The venue for all this hokej was the recently built Sazka Arena in Vysočany, naturally the target for the daily pilgrimage. I had an additional reason for a visit. After the revolution but before the normalization I used to live there. In fact it was the first flat I had of my own, a penthouse pad with a great view over the humongous ČKD industrial complexes just across the street. I even tried to buy it with my pocket money; Vysočany was unpopular and no-cost real estate, primarily for being the most polluted area in Prague, which truly was saying something at that time.
But all things heavy industrial must pass, and so would the low grade coal that gave winter its distinct colour and aroma. The Metro was coming through and would shorten a half hour tram ride to the center down to ten minutes. My lack of Czechness and drive to circumnavigate the city bureaucracy left me homeless, but the location made great sense for a sports arena. The half-fallow land is still cheap and the Metro can push people through like no other transport system could, and does on a daily basis.
Like all other tickets, the tickets for the least popular quarter final was long sold out. The start price for a ticket was now 2000 CZK (about 60 €), but by waiting until the match was about to start and the unsold tickets were about to turn worthless with no buyers, I got one for 300 CZK just when I was about to accept another one for 400 CZK, half the original price.
Getting inside was a security version of snakes and ladders. Stand in line for two turns. You carry no gun, move two squares ahead. You have a valid ticket, move four squares ahead. Your bag is screened, stay over a turn. Your body metal is phone and wallet, one square. You carry a laptop, stay over two turn for it to boot up and down without blowing up. You have no laptop license, return to start and deposit the thing. Stay in line for a turn. You carry no gun, move two squares ahead… Thereafter you have to traverse a labyrinth of automatic doors that only opens for the proper tickets without telling which tickets a given door will accept.

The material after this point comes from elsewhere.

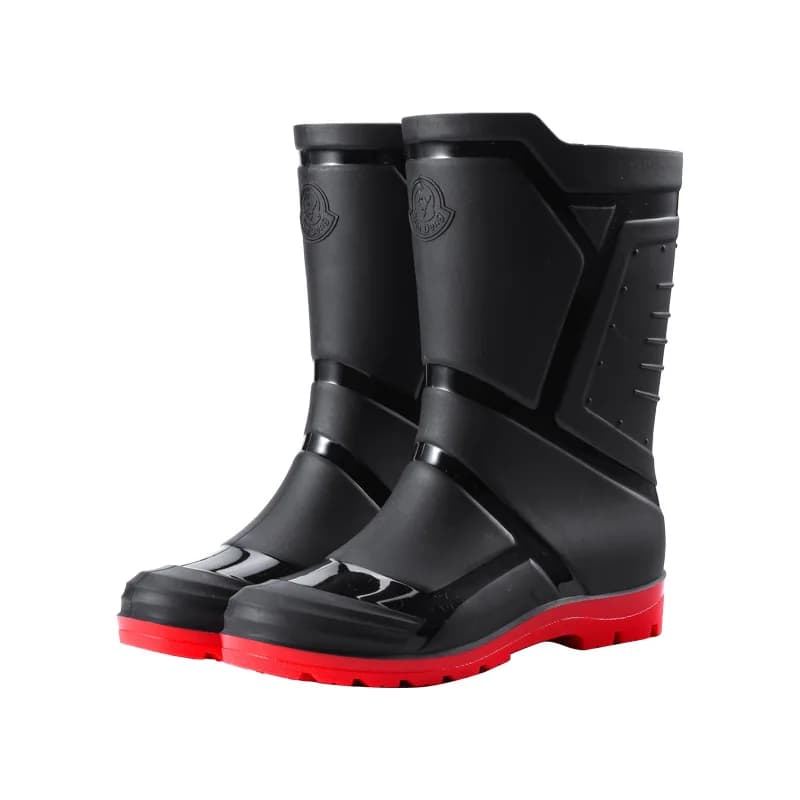 Bottes de pêche mi-mollet homme doublées polaire imperméables anti-dérapantes renforcées pour extérieur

Being there was an entirely different experience. Viewed on TV hokej looks like a live enactment of a Stiga game, but when you arrive at the arena you’re instantly transported back to a Roman coliseum. Sazka has same body plan and atmosphere as Colosseum, only that the audience isn’t long dead. The Romans may not have invented sport, nor even sports arenas and events (the Greeks have a claim there), but they did establish the modern body plan and choreography and there has been no reason to change it since. There have been improvements over the years. Most visibly Sazka has a cube of oversized TV screens hanging from the roof that successfully wrestle the attention away from the Stiga game below. The TV cube I guess is an American addition, one that I am sure the Romans would have loved to have.